Let's say there's a company in a normal, rational market with X outstanding shares valued at $100 per share in 2021. A year from then, there has been no news about the company, no changes in revenue or staffing, nor any dividends or new shares, so it should be valued the same. Inflation of 2% has occurred between 2021 and 2022. Will the stock then rationally be worth $102?

3 Answers 3


Will the stock then rationally be worth $102?

No. If there's no change in revenue, it means the purchasing power of the revenue is decreased, its nominal value being the same. The stock will be worth $100.

However, most companies see increased revenue in an environment having inflation. Even if the real value of the revenue is the same, its nominal value will increase due to inflation.

Most companies also benefit from GDP growth.

So, a typical stock worth $100 now will be worth $104 - $105 a year from now, mainly because of 2% inflation increasing revenue, but also 2-3% economic GDP growth increasing revenue even more.


The value if a company is the present value of all future cash flow. So if all else is equal, then there would be no change in share price.
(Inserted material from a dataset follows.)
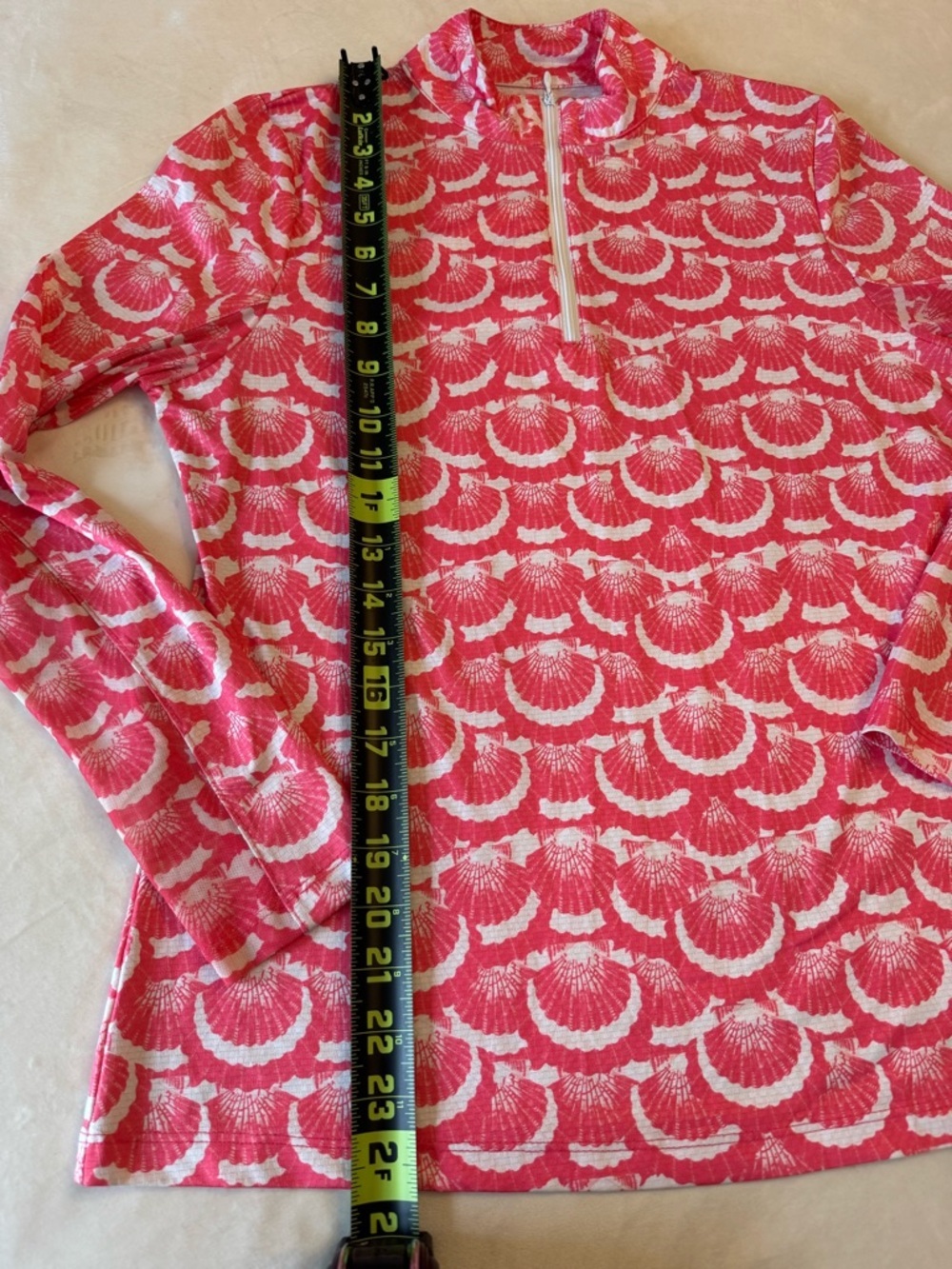 Gottex Coral Seashell Set -Long-sleeve half-zip top and matching skort, sz XS - Picture 7 of 14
It's possible that an unexpected change in inflation could change the discount rate, but since inflation is typically priced into stocks anyway, there would be no change in stock price just because inflation occurred.
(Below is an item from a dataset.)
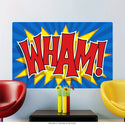 Wham Comic Book Sound Effect Wall Decal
Think about it this way: If a company earns the same nominal amount year after year after year, the real value of that revenue would decline as a result of inflation. So you would not expect the value of the stock to rise with inflation.
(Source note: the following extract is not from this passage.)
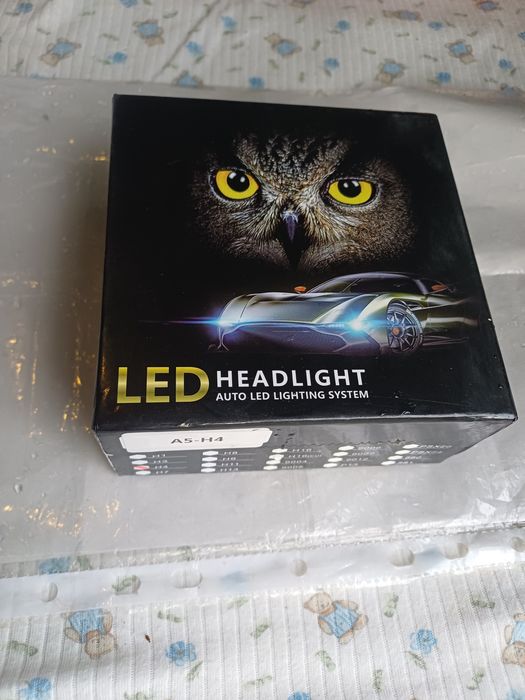 Комплект 2 бр. LED крушки за фарове A5 - H4 / 9003 / HB2 (Къси и дълги)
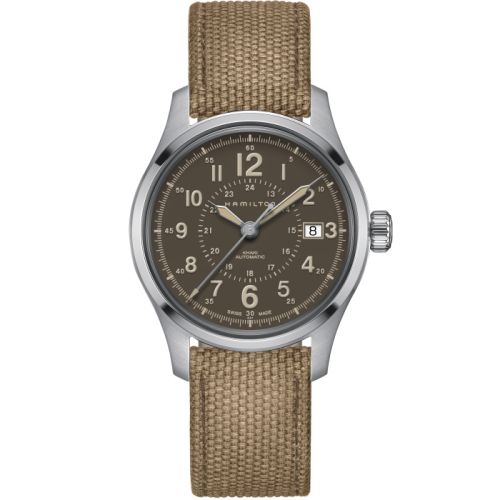 Hamilton Khaki Field H70305993 Brown 40.00 mm Automatic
  • On the other hand, inflation means the company is earning more if it's selling the same products (roughly speaking) Commented Jul 7, 2020 at 10:53
  • @user253751 True, but the premise was "no changes in revenue". If that means no change in inflation-adjusted terms, then yes the stock price would rise based on inflation.
    – D Stanley
    Commented Jul 7, 2020 at 12:16

There is zero direct connection between inflation in your country and a generic stock. There are some companies that have portions of their business that operate well in a high inflation environment, and those that operate better in a low inflation environment. But that doesn't mean that all stocks do this.

The cause of the inflation can even influence how a specific stock will do. If the bulk of the inflation is due to the energy sector, that can impact producers of energy, suppliers of equipment for energy production, and heavy users of energy differently. Of course if a drop in energy prices is lowering the inflation rate while other parts of the basket are rising, those same producers, suppliers, and users will react differently.

If the experts predict that the inflation rate going forward will be x% this year, that doesn't automatically mean that the stock you are interested will also increase in price by that amount. It depends on what the current and potential investors expect the company to do in the future.